**Assignment**
Find the line with "Unread Email Notification." in the entries below, then output every line from it down to the line with "Kids 3D Puzzle", exactly and with no pictures.

**Data**
Start of Block

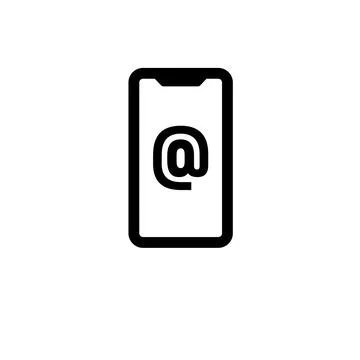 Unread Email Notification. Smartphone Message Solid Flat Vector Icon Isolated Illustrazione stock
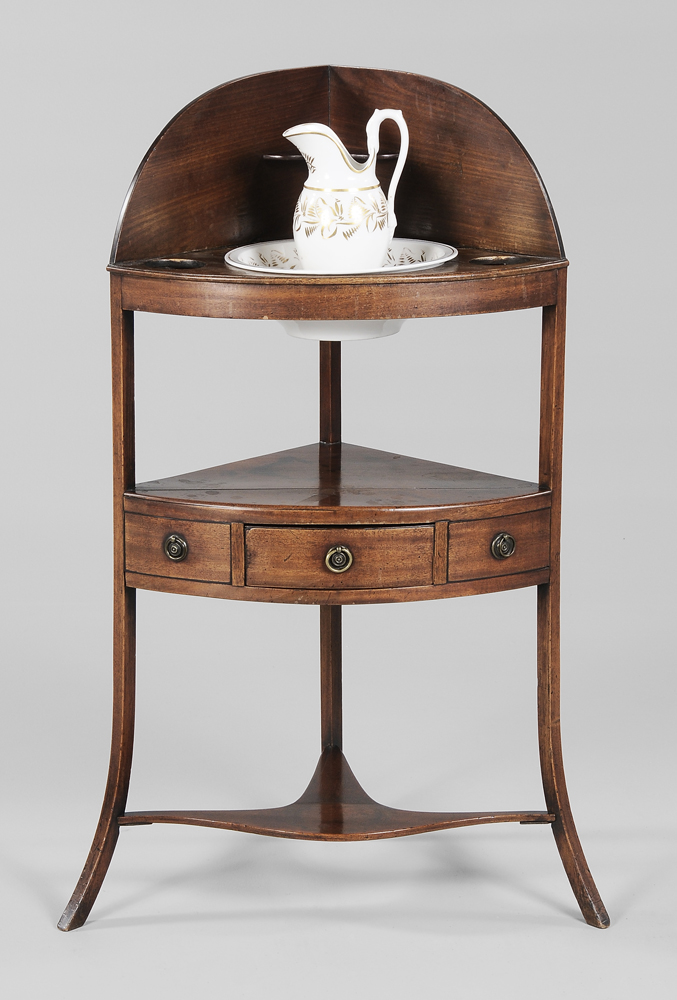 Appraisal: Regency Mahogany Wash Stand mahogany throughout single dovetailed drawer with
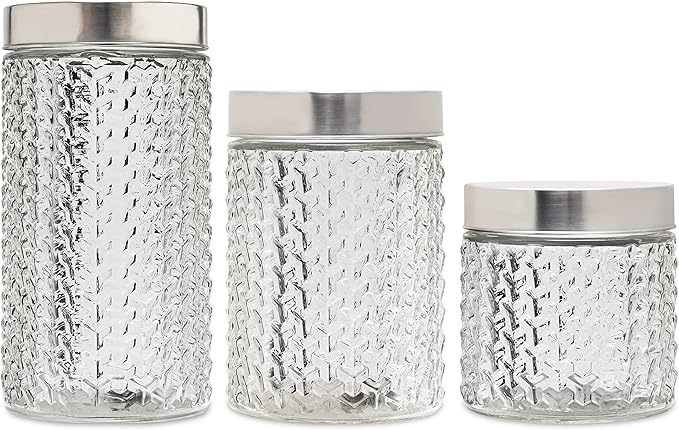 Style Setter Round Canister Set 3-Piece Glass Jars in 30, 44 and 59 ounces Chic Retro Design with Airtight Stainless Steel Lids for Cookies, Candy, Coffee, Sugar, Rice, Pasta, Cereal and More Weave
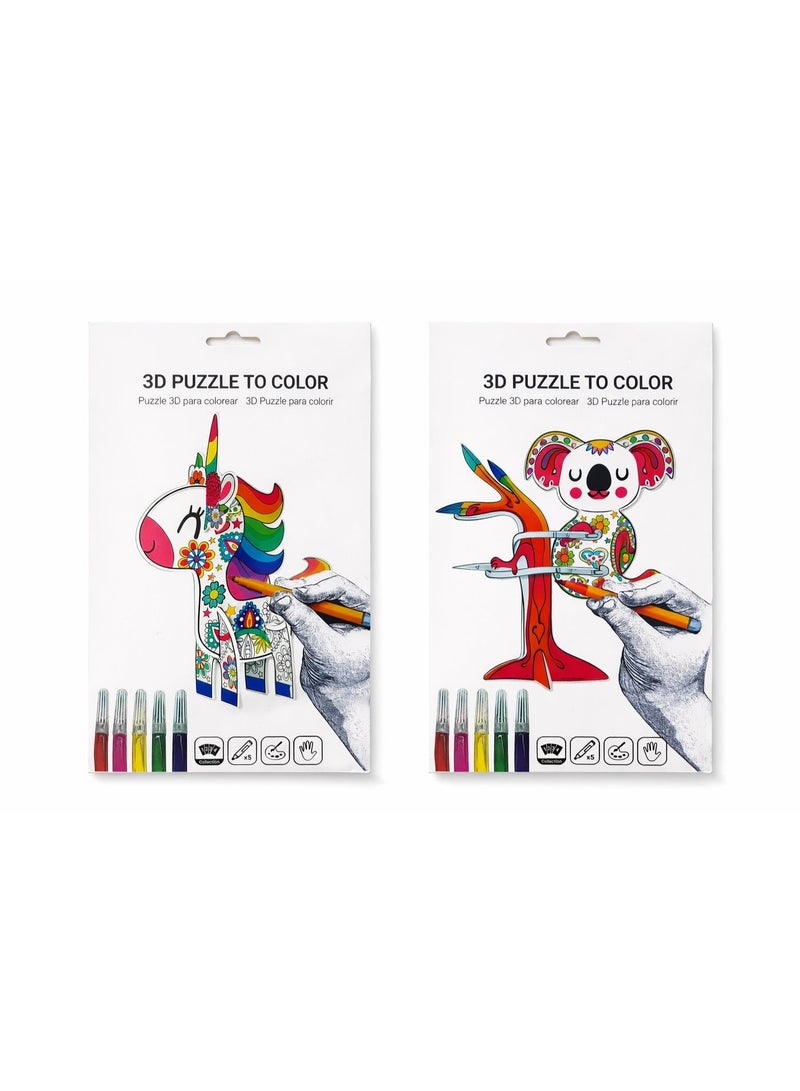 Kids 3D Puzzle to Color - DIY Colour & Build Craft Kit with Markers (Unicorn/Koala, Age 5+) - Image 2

End of Block
Start of Block

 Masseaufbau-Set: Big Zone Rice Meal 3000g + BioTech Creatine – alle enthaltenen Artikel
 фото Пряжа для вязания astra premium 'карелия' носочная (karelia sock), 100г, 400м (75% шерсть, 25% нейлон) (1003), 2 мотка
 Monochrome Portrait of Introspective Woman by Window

End of Block

**Result for this task**
 Unread Email Notification. Smartphone Message Solid Flat Vector Icon Isolated Illustrazione stock
 Appraisal: Regency Mahogany Wash Stand mahogany throughout single dovetailed drawer with
 Style Setter Round Canister Set 3-Piece Glass Jars in 30, 44 and 59 ounces Chic Retro Design with Airtight Stainless Steel Lids for Cookies, Candy, Coffee, Sugar, Rice, Pasta, Cereal and More Weave
 Kids 3D Puzzle to Color - DIY Colour & Build Craft Kit with Markers (Unicorn/Koala, Age 5+) - Image 2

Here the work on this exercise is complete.